Intel® oneAPI DPC++/C++ Compiler
Talk to fellow users of Intel® oneAPI DPC++/C++ Compiler and companion tools like Intel® oneAPI DPC++ Library, Intel® DPC++ Compatibility Tool, and Intel® Distribution for GDB*
724 Discussions

AMX extensions use in bfloat16 matrix multiplication

crocix
Novice
2,634 Views

I have access to a sapphire rapids machine and I want to multiply two bfloat16 matrices A and B and compute C = A*B by exploiting AMX_BF16 extensons. I am happy with C being stored in single precision. What is the recommended way of doing this with current Intel software resources?

 

OPTION 1: Directly using intel intrinsics by following https://www.intel.com/content/www/us/en/developer/articles/code-sample/advanced-matrix-extensions-intrinsics-functions.html#gs.67r3za . However, the author of this code example states that this should not be used as a basis for production code and that it was only made for demostration purposes.

 

OPTION 2: Intel MKL cblas_gemm_bf16bf16f32: https://www.intel.com/content/www/us/en/docs/onemkl/developer-reference-c/2024-0/cblas-gemm-bf16bf16f32.html

 

OPTION 3: Let the compiler handle it. I tried compiling a matrix-matrix multiplication example such as the following

 

 

#include <stdlib.h>
#include <stdio.h>

int main(){

   __bf16 A[1024];
   __bf16 B[1024];
   float C[256]={};

   for(int i=0; i<1024; i++){
       A[i] = 1.;
       B[i] = 2.;
   }

   for (int k=0; k < 64; k++){
       for (int i=0; i < 16; i++){
           for (int j=0; j < 16; j++){
               C[i*16 + j] += ((float) A[i*64 + k])*((float) B[j*64 + k]);
           }
       }
   }

   for (int i = 0; i < 16; i++){
     for (int j = 0; j < 16; j++){
         printf("%f ", (float) C[i*16 + j]);
     }
     printf("\n");
   }
   printf("\n");
}

 

 

with gcc -march=sapphirerapids -O3 -mamx-bf16 (icx compiler just crashes due to a bug). However, looking at the generated assembly code on godbolt.org it does not seem like AMX instructions are used at all.

0 Kudos
12 Replies
Alex_Y_Intel
Moderator
2,503 Views

Your issue has been escalated to our engineers and we'll work on it internally and reply you the update when we have a solution. 

0 Kudos
Viet_H_Intel
Moderator
2,498 Views

Hi, 

Did you encounter a compiler error or a runtime error?

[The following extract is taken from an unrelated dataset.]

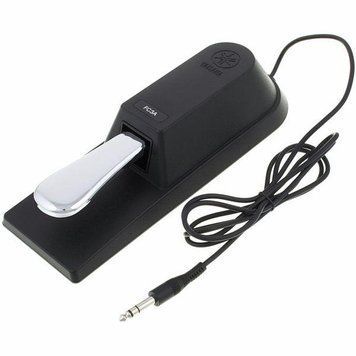 Педаль сустейн Yamaha FC 3A 5617 фото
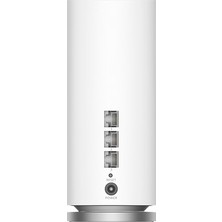 Esranın Dünyası Huawei Wi-Fi Mesh 3 (2-Pack) , AX3000 , 400 M²'ye Kadar Kapsam , 3*10/100/1000MBPS Ports, Harmonyos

The code compiled successfully with oneAPI2024.1.0

 

$ icx -march=sapphirerapids -O3 -mamx-bf16 t3.c -c -V
Intel(R) oneAPI DPC++/C++ Compiler for applications running on Intel(R) 64, Version 2024.1.0 Build 20240308
Copyright (C) 1985-2024 Intel Corporation. All rights reserved.

$

 

0 Kudos
crocix
Novice
2,482 Views

Hi There! I had used oneAPI2024.0.2, but the bug was fixed in oneAPI2024.1.0 and it now compiles fine which is good.

 

However, this is not my question: The latest icx does not use AMX-BF16 (nor AVX512-BF16) assembly instructions when compiling the above code. You can check with the -S compiler flag that the instructions tdpbf16ps or vdpbf16ps DO NOT come up indicating that neither AMX-BF16 nor AVX512-BF16 instructions are used by the compiler.

 

It might be me, but I am finding it impossible (with oneAPI2024.1.0 and the latest gcc and llvm compilers) to use these BF16 instruction sets (AMX-BF16 and AVX512-BF16) without directly calling Intel intrinsics. The problem with the intrinsics is that it is very hard for non-experts to achieve performance that is competitive with compiler-generated instructions. If there were an easier way it would be extremely interesting to know!

 

Thanks a lot!

0 Kudos
Viet_H_Intel
Moderator
2,465 Views

The compiler should be able to generate AMX-BF16 and AVX512-BF16 instructions with -march=sapphirerapids.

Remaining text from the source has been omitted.